Think about your co-op: could it use a jolt of energy? Reinvigorating the culture with the excitement of something new, of possibilities, can keep co-op staff plugged into our cooperative values. With competition bearing down, we need to take the time to make sure that staff is positive, proactive, and engaged; that staff believe they’re making a change in the world.
In a way, it’s about going back to our own “peasant roots” of respecting and highlighting core cooperative principles at the personal level, while continuing to innovate and differentiate in marketing and membership recruitment and education. Making investments in educating staff on the cooperative business model is crucial, but so is making sure that they have the resources to impart what they’ve learned in ways that engage co-op members.
Second, the Cubans learned how to roll with the punches in order to survive. They had no choice but to adjust their activities as resources disappeared. This is a great lesson for our food co-ops: we must constantly examine how the world is affecting us and how we are affecting our members.
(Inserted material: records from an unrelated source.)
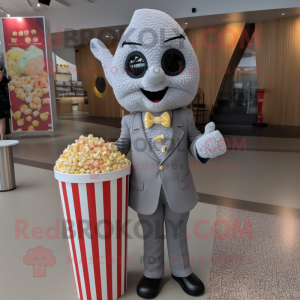 Gray Pop corn mascot costume character dressed with A-Line Dress and Ties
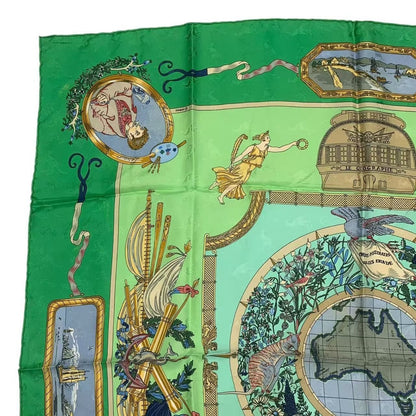 Hermes Carre 90 Scarf le Geographe Geographer Silk Green — view 2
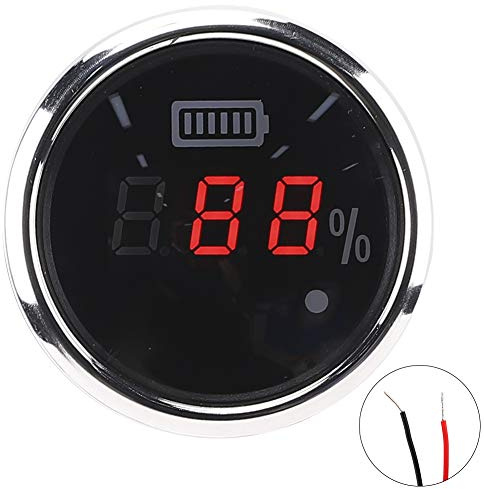Misuratore della batteria, indicatore digitale della batteria 52 mm/2 pollici Misuratore antiappannamento impermeabile 12 V con allarme intelligente per yacht per auto barca(Nero)
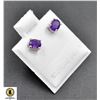 Image 1 : #207-NATURAL PURPLE AMETHYST 4 X5 STUD EARRINGS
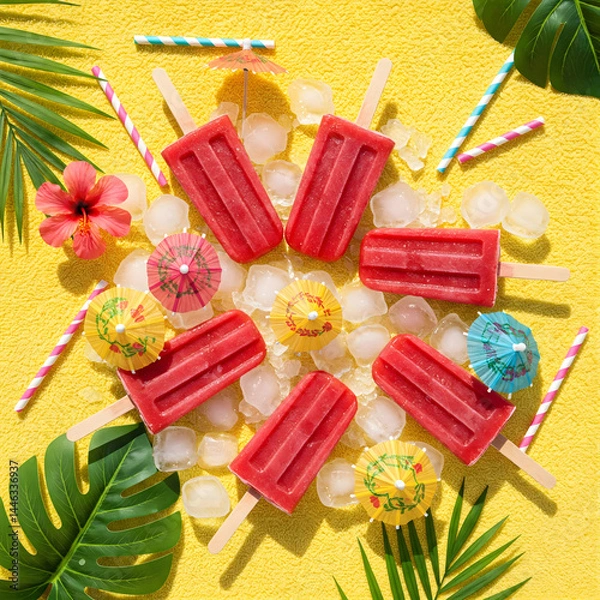 Obraz Summer popsicle flat lay with crushed ice, palm leaves, and paper umbrellas – bright, cheerful, and perfect for tropical food concepts.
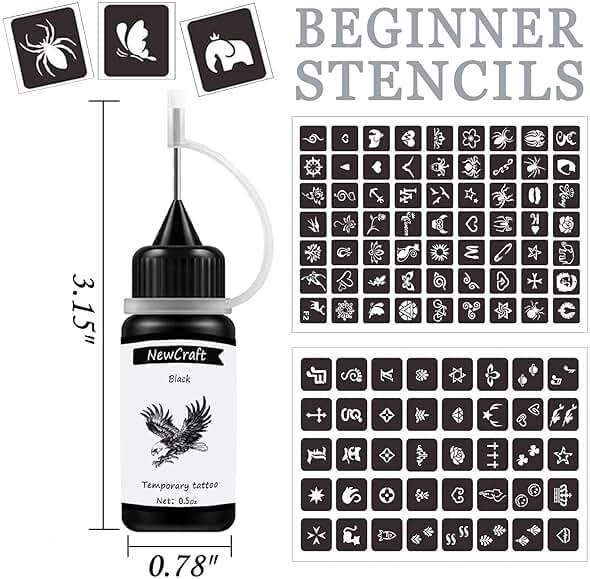Temporary Art Painting Kit Semi Permanent Tattoo Ink Freehand Gel 103 Pcs Free Stencils, DIY Fake Freckles, Full Kit 3 Bottles (Black+Red+Brown) - Image 2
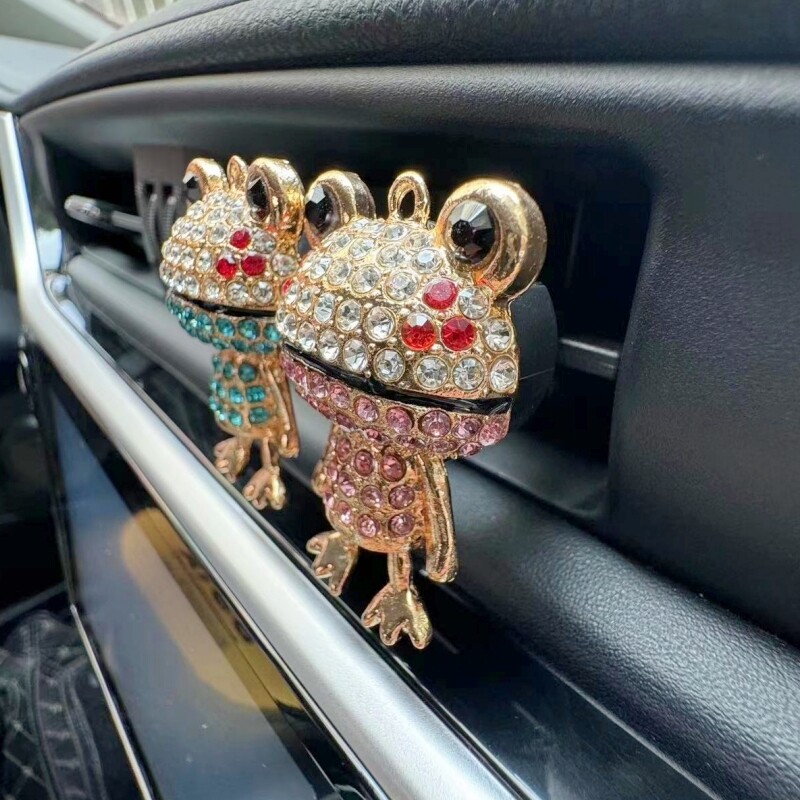 1gab kristāla gudrs Frog Auto gaisa atsvaidzinātājs Vent Clip Auto difuzors Dzirkstošs Rhinestone Automašīnu apdares Auto salona piederumi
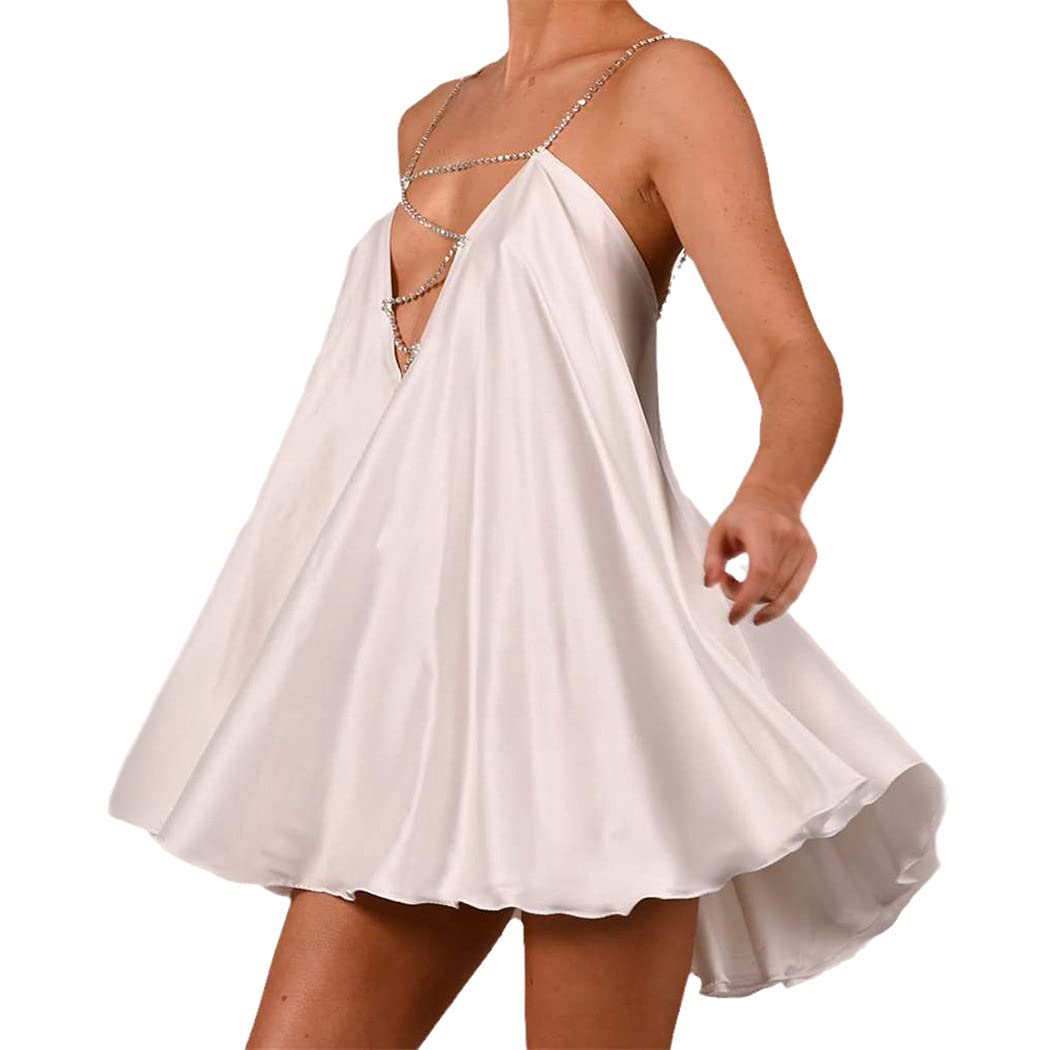 Sexy Kleid mit Kette aus Satin, niedriger Rücken, mit Kristall-Trägern und Hals, für Partys und Clubs., elfenbeinfarben, S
We’ve seen the consequences of staying stuck in time—stagnation can ring the death knell.
Third, managers should make sure that staff members truly understand the food system and, ideally, instill in staff the desire to change that system for the better. There is an ingrained respect for agriculture’s role in the hearts—and mouths—of our people. Co-op staff are the conduit: they live our values and connect us with our members and help us makes everyday decisions based on those values. That’s the way we change the world.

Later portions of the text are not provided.